Description of the task.
Your answer must be the full listing below, repeated exactly, with no pictures in it.
....................
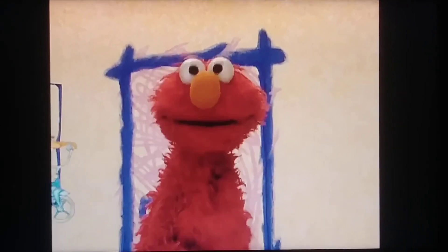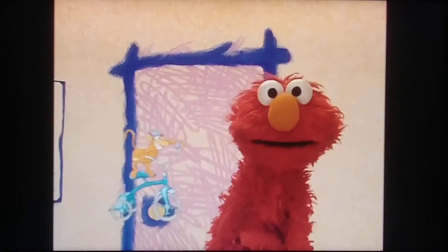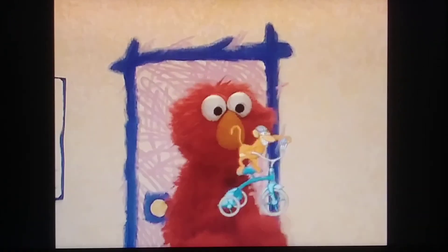And now Elmo has a question for you! How many wheels are on this bicycle? Let's count them. Here we go.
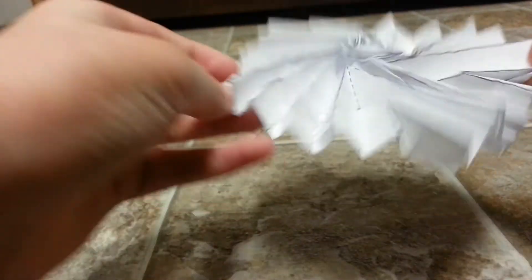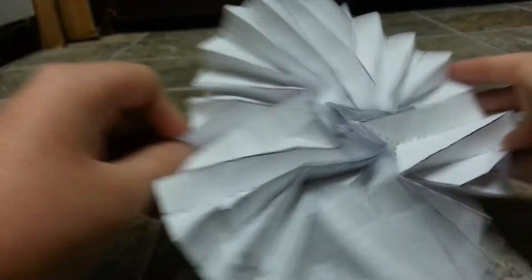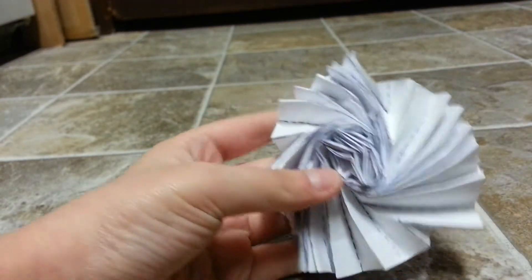I folded this from a square sheet of printer paper. I haven't laminated it yet, so the flasher just works a lot. There it is, the Indecisive Flasher.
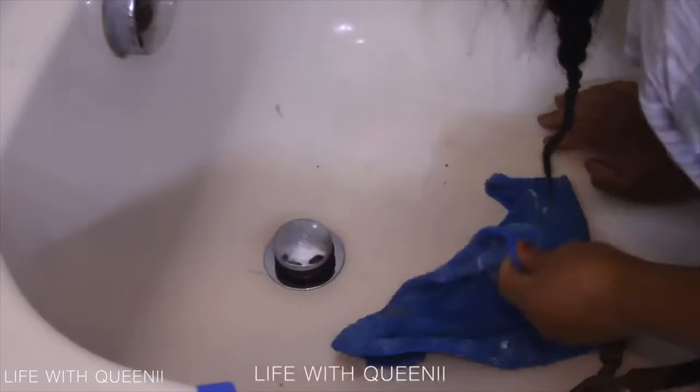I ended up replacing this drain not because anything was wrong with it — I accidentally let bathroom toilet cleaner drip on it and it tarnished the finish on the chrome. So be careful with chrome and toilet cleaner because it will mess up the finish. I replaced it with a similar one.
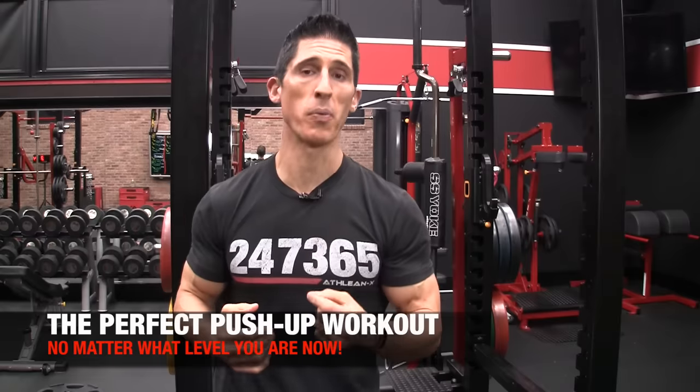What's up, guys? Jeff Cavaliere, ATHLEANX.com. Today we're going to continue our perfect workout series, this time with what I call the perfect pushup workout.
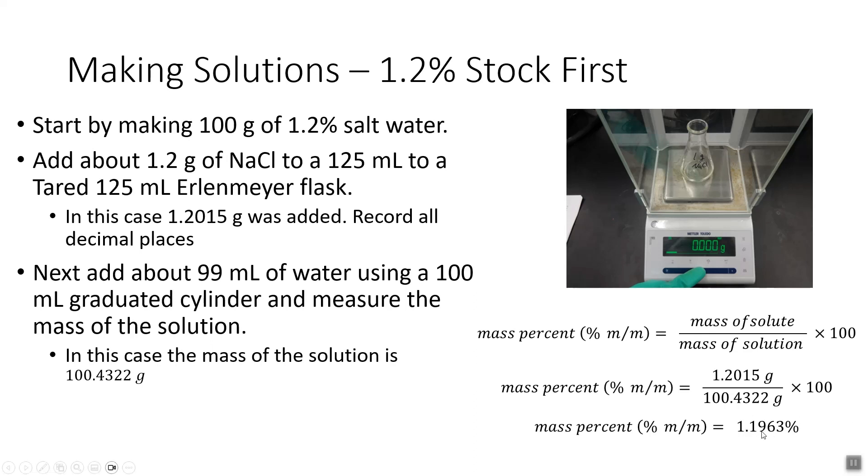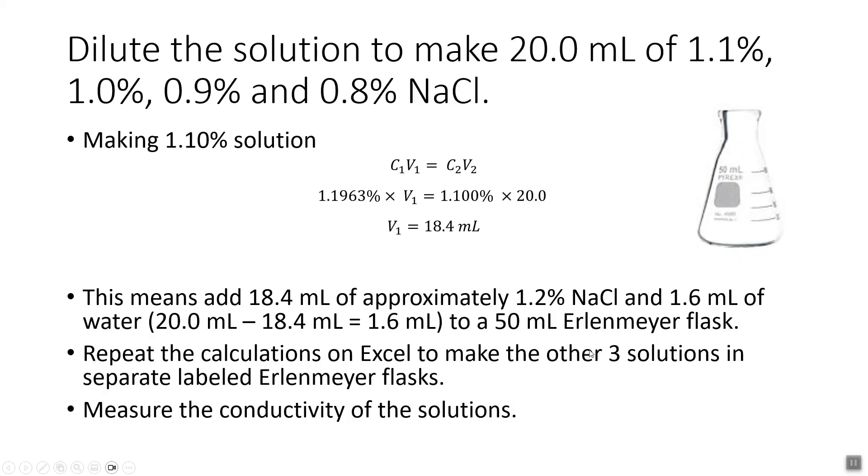Take the mass of the salt, divide by the mass of the solution, multiply by 100 to get the exact mass percent. It won't be exactly 1.2% — if it's 1.17 or 1.25, that's fine. Once you have the first solution at around 1.2%, dilute it to make 20 mL of 1.1, 1.0, 0.9, and 0.8% NaCl using the dilution equation: C₁V₁ = C₂V₂.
....................
Output of the task.
And now Elmo has a question for you! How many wheels are on this bicycle? Let's count them. Here we go.
I folded this from a square sheet of printer paper. I haven't laminated it yet, so the flasher just works a lot. There it is, the Indecisive Flasher.
I ended up replacing this drain not because anything was wrong with it — I accidentally let bathroom toilet cleaner drip on it and it tarnished the finish on the chrome. So be careful with chrome and toilet cleaner because it will mess up the finish. I replaced it with a similar one.
What's up, guys? Jeff Cavaliere, ATHLEANX.com. Today we're going to continue our perfect workout series, this time with what I call the perfect pushup workout.
Take the mass of the salt, divide by the mass of the solution, multiply by 100 to get the exact mass percent. It won't be exactly 1.2% — if it's 1.17 or 1.25, that's fine. Once you have the first solution at around 1.2%, dilute it to make 20 mL of 1.1, 1.0, 0.9, and 0.8% NaCl using the dilution equation: C₁V₁ = C₂V₂.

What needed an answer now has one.